Wednesday’s town hall had been set several weeks in advance. Its scheduled theme: Students’ experiences of Being Black at Temple. Three panelists joined Prad at the front of the room: Global Studies Society vice president Daniela James, Aaron A. Stanford of the Alpha Phi Alpha fraternity and Delta Sigma Theta chapter president Leah Harvey.
They stuck to the theme, recounting what it was like to be a Black student at a majority-white school smack dab in the middle of a historic African American neighborhood.
On a different night, the crowd might have focused on the matter at hand, too.
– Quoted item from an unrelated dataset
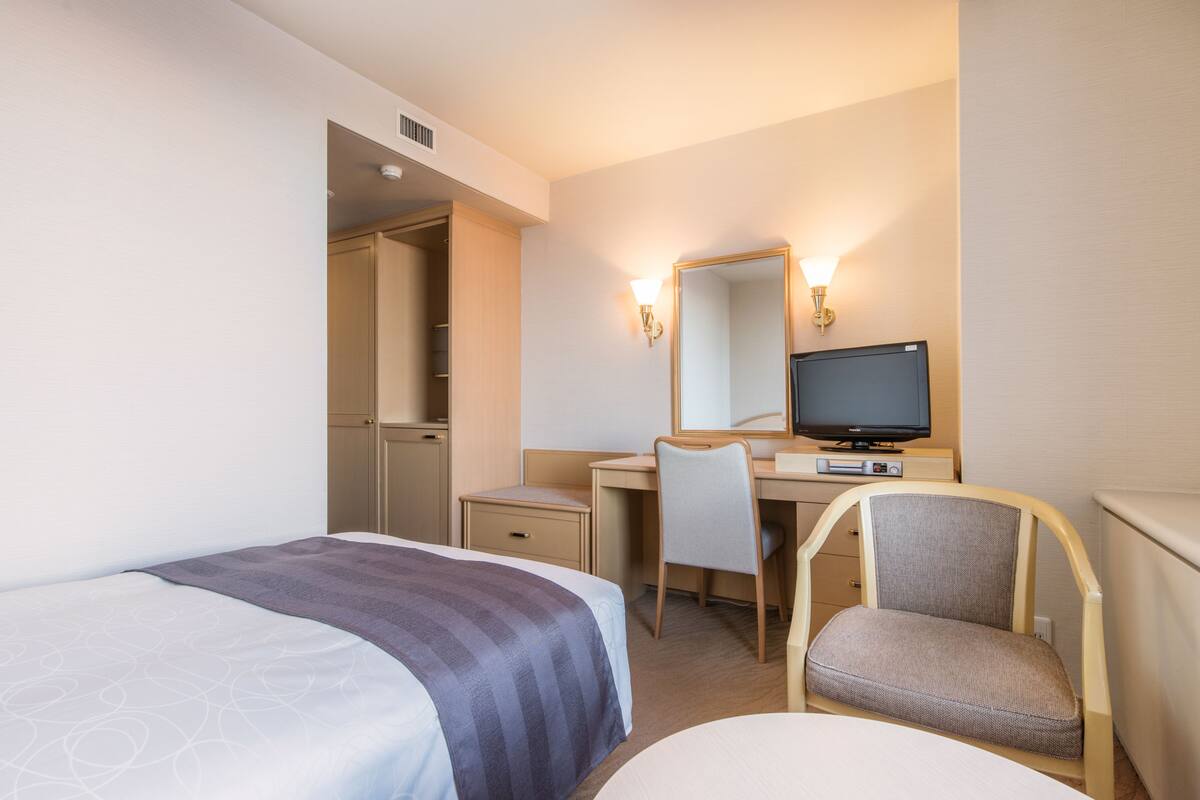 Desk, blackout curtains, free WiFi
The Q&A Prad led afterwards may well have featured students wondering about day-to-day issues.
But several dozen people packed into the room and stretched its seating capacity close to the limit. TV equipment lay in camera bags between the aisles, at the feet of restive student-journalists. And students spent the event’s interactive portion sending nervous anonymous messages that appeared, like early-aughts texts, behind Prad on a large projector screen.
Attendees mostly asked about the Trump administration’s orders; whether IDEAL and programs like it would continue to exist; and what to do if the Office suddenly disappeared. True to form, Prad projected calm. He didn’t plan to go anywhere, he said. He also intimated peace: IDEAL, he said, doesn’t violate the law — or force white people to do things that make them uncomfortable, as Trump officials often claim.
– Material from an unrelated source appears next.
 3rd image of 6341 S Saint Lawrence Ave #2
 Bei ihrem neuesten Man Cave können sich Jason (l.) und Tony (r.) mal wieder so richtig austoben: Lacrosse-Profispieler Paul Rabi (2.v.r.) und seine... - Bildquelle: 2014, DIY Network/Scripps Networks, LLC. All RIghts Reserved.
“I have faith in our senior administration and our general counsel,” Prad said after the event. “I know that they are definitely making decisions that are grounded in legal principles. So, I think we’re going to be fine regardless.”
Still, he acknowledged that the current White House could seemingly decide to do anything at any time.
Scholars of authoritarianism often repeat the line that tyranny doesn’t just arrive in the form of legal punishment. Liberties often die of civic hypothermia, thanks to a chill longer-lasting than any winter weather.
Fear of Trump and his ukase blitzkrieg is the zeitgeist driving institutions across public life: Teachers and preachers daily guess the odds that ICE agents will turn their sanctums into human hunting grounds. Those living beyond dominant concepts of gender wake every morning, wondering if the government that takes their taxes still tolerates their existence — and whether anyone in power will care if it doesn’t. And everyone from pregnant women to polio survivors increasingly find their most basic healthcare safeguards hanging by a thread.
America had its election. The consequences arrived hard and fast.
“It’s just shell shock,” said Amir Fripp. The junior health sciences major had begun to worry about America’s fate in high school, when a flood of sexual misconduct allegations failed to sink Brett Kavanaugh’s nomination to the Supreme Court. But even as Trump himself re-ascended to power, Fripp believed some institutions sat beyond the MAGA legions’ reach.
“You think, ‘No, the schools can’t be affected,’” Fripp said. “And then here we are now.”
The sheer volume of Trump’s edicts from the Oval office left many of his usual opponents overextended, panicked and cowed. That’s the point.
But it might get harder to implement his vision from here: Trump and his agencies are reaching far enough, fast enough and deep enough into American life to rouse opposition forces from a winter in hibernation.
“As long as the clubs and the student body are active, and want to see a change, and want to push for continuous change — whether that’s at the university or within our community — we’re still always going to be fighting,” said senior international business major Camryn Taliaferro.